ESTADO
Radares ocultos proibidos nas rodovias do Espírito Santo
Assembleia derruba veto à proposta que acaba com equipamentos de fiscalização de velocidade não sinalizados em rodovias estaduais
Radares ocultos estão proibidos nas rodovias estaduais capixabas. Ou seja, o plenário da Assembleia Legislativa derrubou o veto do governo à proibição de instalar aparelhos escondidos para fiscalização de velocidade. Nesta quarta-feira (10), por 27 votos a favor e uma abstenção, os parlamentares mantiveram a indicação feita no Projeto de Lei 283/2021, do deputado Bruno Lamas (PSB).
Assim, os radares ocultos serão substituídos por modelos visíveis e luminosos, que piscam e exibem a velocidade do condutor. “A derrubada do veto é uma vitória para sociedade capixaba! Radar oculto é fábrica de multas”.

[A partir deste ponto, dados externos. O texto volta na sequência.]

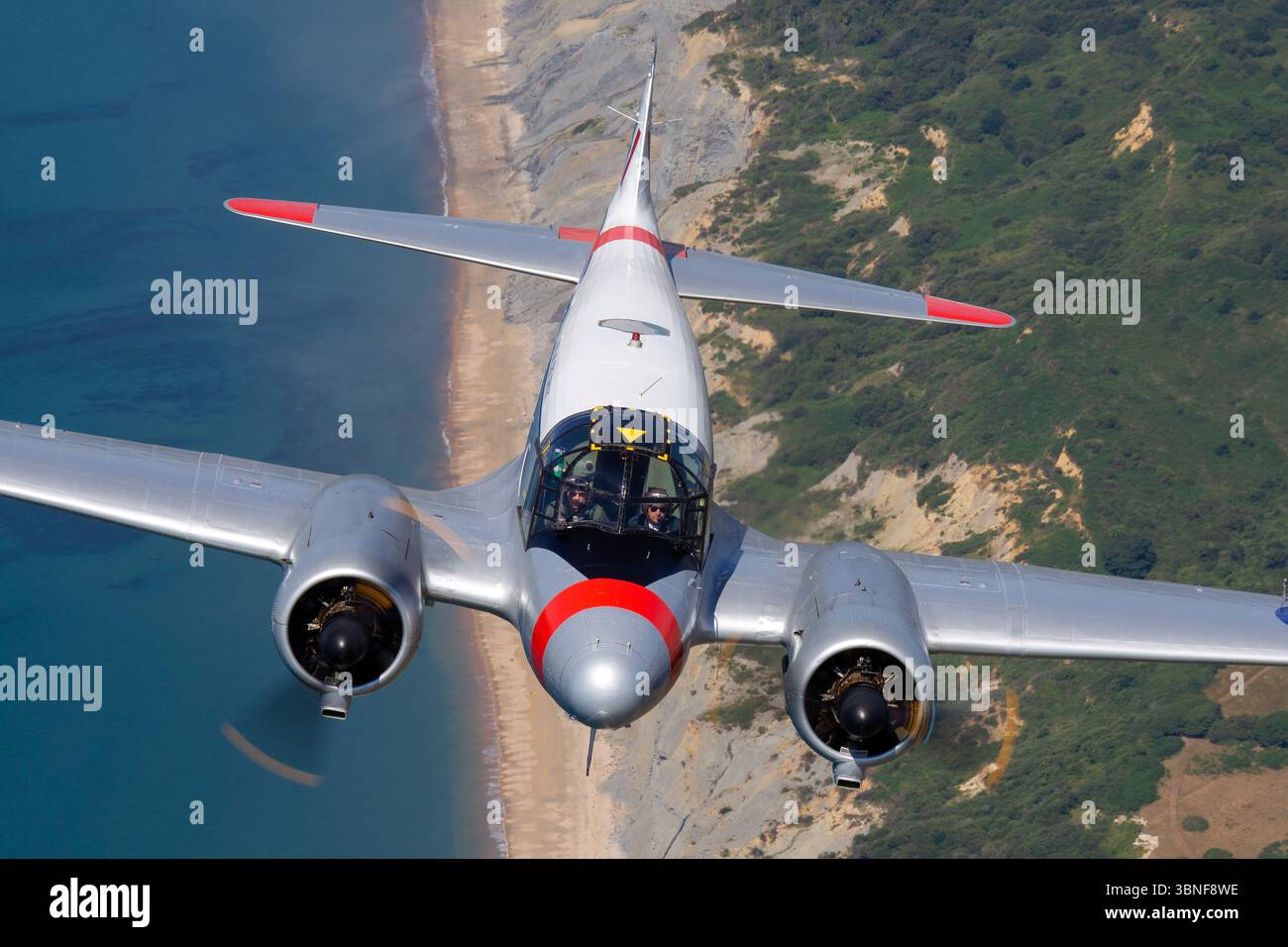 Capturé au-dessus de Coningsby et Yeovilton, l'Avro 652A Anson C19/2, immatriculé G-AHKX, était un avion clé pour la Royal Air Force. Il a été utilisé dans la reconnaissance, la formation des équipages aériens et les tâches de transport pendant et après la seconde Guerre mondiale. Le TX176 est un exemple notable dans l'histoire de la RAF, continuant à représenter l'héritage de cet avion polyvalent. Banque D'Images
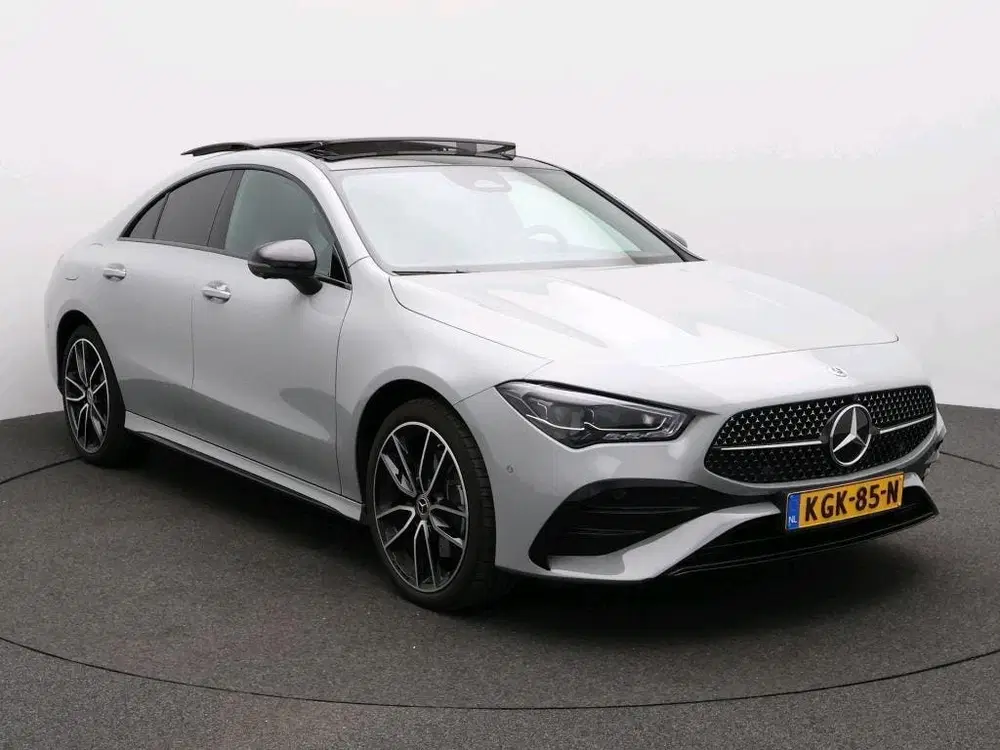 Mercedes-Benz CLA 250 e Business Solution AMG uit 2026, foto 5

Em seguida, acrescentou: ” Minha proposta permite a existência, nas rodovias estaduais, somente dos radares visíveis aos motoristas. Aqueles que mostram a velocidade em que o veículo passou, respeitando um princípio constitucional: o da transparência.” O deputado também agradeceu aos demais parlamentares e à Casa Civil, “porque o diálogo prevaleceu”.
Dessa forma, 56 equipamentos terão de ser substituídos quando a lei entrar em vigor. Sendo que alguns desses pardais estão instalados em rodovias bastante movimentadas. Por exemplo, na ES-060 (Rodovia do Sol) e na ES-010 (na Serra).
Nesse sentido, o que muda? ” Tira o radar oculto, aquele que é fábrica de multas, que não educa, e entra o radar visível, que vai dar transparência, educar e, também, punir quem infringir a legislação e passar numa velocidade acima da permitida”, explicou o deputado.
Radares ocultos nas federais
A ideia é que haja ainda uma proposta coletiva de parlamentares para ampliar a proibição dos radares ocultos às rodovias federais, como a BR-101.
Para Lamas, “a instalação de radares ocultos denota claro objetivo arrecadatório, relegando ao segundo plano a função educativa”. Isso porque os motoristas não vistam os aparelhos com facildiade. Ao contrário, “ficam em declives, atrás da vegetação ou no alto de postes metálicos”, apontou o parlamentar.
No dia 13 de setembro, a Ales aprovou a proposta do deputado para as rodovias estaduais, por unanimidade. Mas, teve parecer contrário dado pela Procuradoria Geral do Estado (PGE), sob o argumento de que o Estado não pode legislar sobre o trânsito. O Plenário derrubou o veto do governo.